November 19, 2009

Coming Ashore

If the glass is half full, the EU’s developing strategy in Somalia is a welcome admittance that piracy can only be solved on land, where the pirates live. Not to mention those gangs and militants not directly involved in piracy.

Swedish Defence Minister Sten Tolgfors told reporters, “There is general acknowledgment that the troubles we see at sea do not stem at sea, but on land. That is the reason why many countries are interested in discussing what can be done on land.”

EU military planners were ordered to mobilize up to 200 instructors, to be deployed to Uganda where they’ll train an estimated 2,000 Somali troops. Pilot programs initiated by France, Uganda and Djibouti have already begun training another 4,000 troops, and they come with the advantage of operating outside Somalia.

UN secretary-general Ban Ki-moon said in a new report to the UN Security Council, “One of the ways to ensure the long-term security of international navigation off the coast of Somalia is through a concerted effort to stabilize the situation ashore, as pirates have become more sophisticated in their methods and techniques of attacking.”

The only way to ensure long-term security is stabilizing the situation ashore. French Defense Minister Herve Morin bluntly stated, “We clearly see that if we don't help Somalia, then we could have the Atalanta operation for 20 or 30 years.”

The glass is always half empty in Somalia. The EU, and presumably America, the UN, and AU, if they start today, have 20 or 30 years of land operations ahead of them, probably more. Anything and everything could go wrong in the meantime. EU foreign policy chief Javier Solana said training won’t start “before the end of next year."

Somalia could be different in a year.

Of course that shouldn’t stop the international community from trying to help. Guardian reporter George Grant writes that patrolling the Gulf of Aden is an exercise in inefficiency, calculating, “Attacks off the Somali coast and in the Gulf of Aden totaled 141 in the first nine months of this year, up 70% on the same period in 2008.”

Grant advocates strengthening the relatively stable Puntland, which declared itself an autonomous state in 1998. Presumably he would extend his strategy to Somaliland, which declared independence from Somalia in 1991 but has yet to be recognized by the international community. Octopus Mountain supports this idea.

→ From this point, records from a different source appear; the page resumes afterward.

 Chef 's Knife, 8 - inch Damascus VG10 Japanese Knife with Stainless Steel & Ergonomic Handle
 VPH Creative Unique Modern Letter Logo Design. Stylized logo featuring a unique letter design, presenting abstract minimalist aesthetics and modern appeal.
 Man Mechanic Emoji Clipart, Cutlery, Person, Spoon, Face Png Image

Somalia needs a multi-tiered approach. America is feeding weapons, ammunition, and dollars into the transitional government, a futile plan itself. Added to regional support of Somalia’s offshoots and something might happen. Hundreds of millions of dollars in Naval operations have more value in restoring Somalia’s coast, but both projects need funding.

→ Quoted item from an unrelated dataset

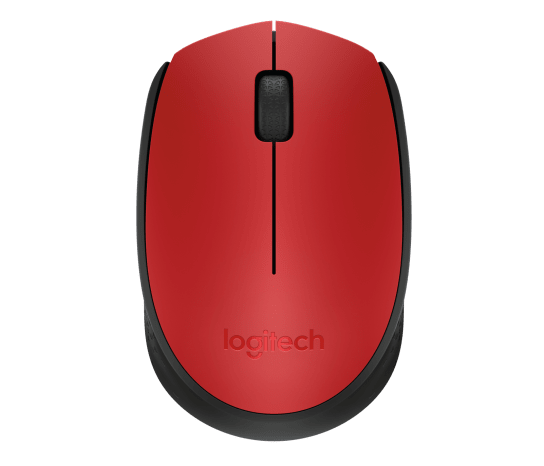 Logitech M171 Red/Black – 2.4 GHz Wireless Optical Mouse, 1000 DPI, Ambidextrous, 12‑Month Battery
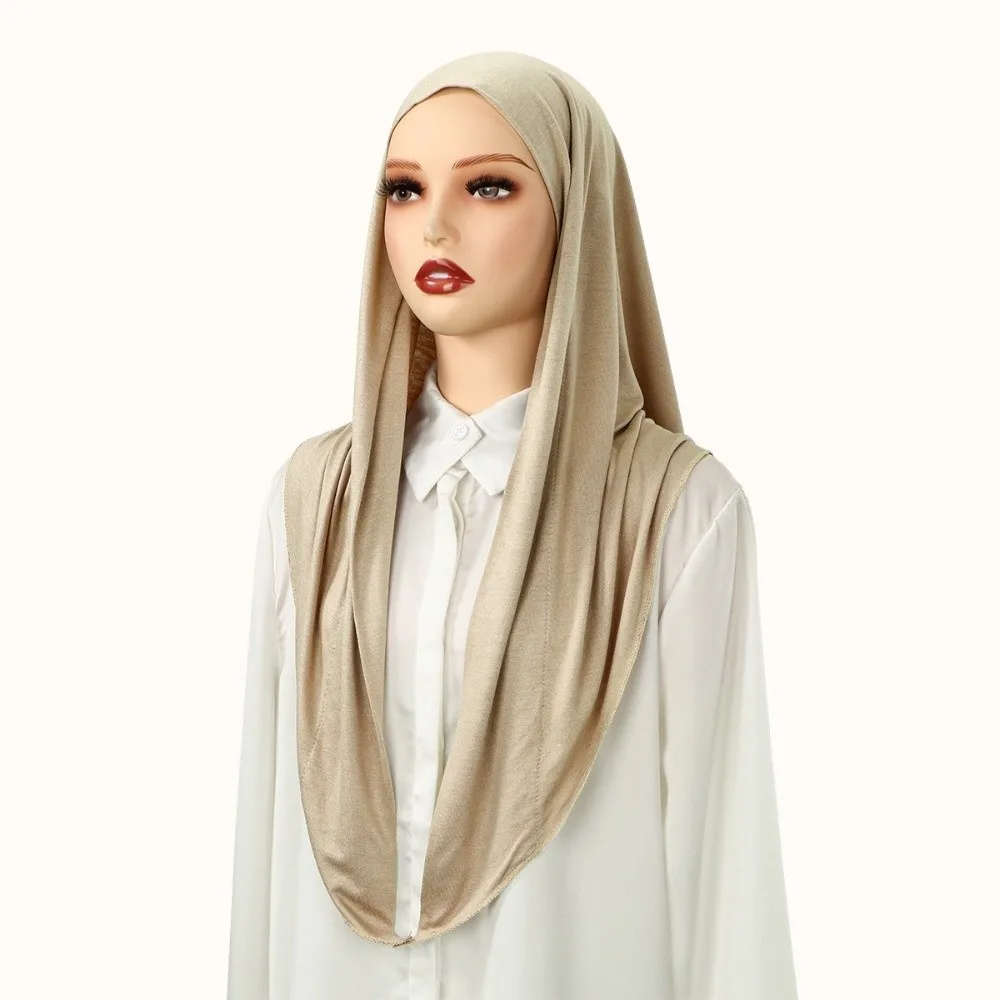 Classic Modal Jersey Instant Hijab Cotton Stretch Wrap-Around Neck Under scarf Breathable Solid Color Turban for Women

“The numbers we are now talking about are quite realistic,” Tolgfors said of the EU’s training program, though the small numbers make this statement a non-starter. Western training appears viable over the long term, but will only succeed within a comprehensive political and economic strategy. Otherwise the West will stoke more civil war.

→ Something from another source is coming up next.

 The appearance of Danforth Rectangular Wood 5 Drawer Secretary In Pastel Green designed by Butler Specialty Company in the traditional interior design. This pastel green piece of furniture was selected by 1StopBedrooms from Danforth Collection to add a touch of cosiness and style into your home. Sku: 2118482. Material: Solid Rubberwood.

One glaring dilemma is where the EU’s trainers will actually come from. Already struggling to fill the 400 quota for Afghanistan, some officials are worried they can barely train one foreign army with an unstable government let alone two.

UK MEP Geoffrey Van Orden, security and defense spokesman for the European Conservatives and Reformists group, pointed out, “If there is a need to train indigenous military and police forces the first priority is Afghanistan, where the response of the EU and many European countries has so far been hopeless.”

Neither Afghanistan nor Somalia needs any more hopelessness than they generate on their own, but at least Western leaders are going public on Somalia's plight.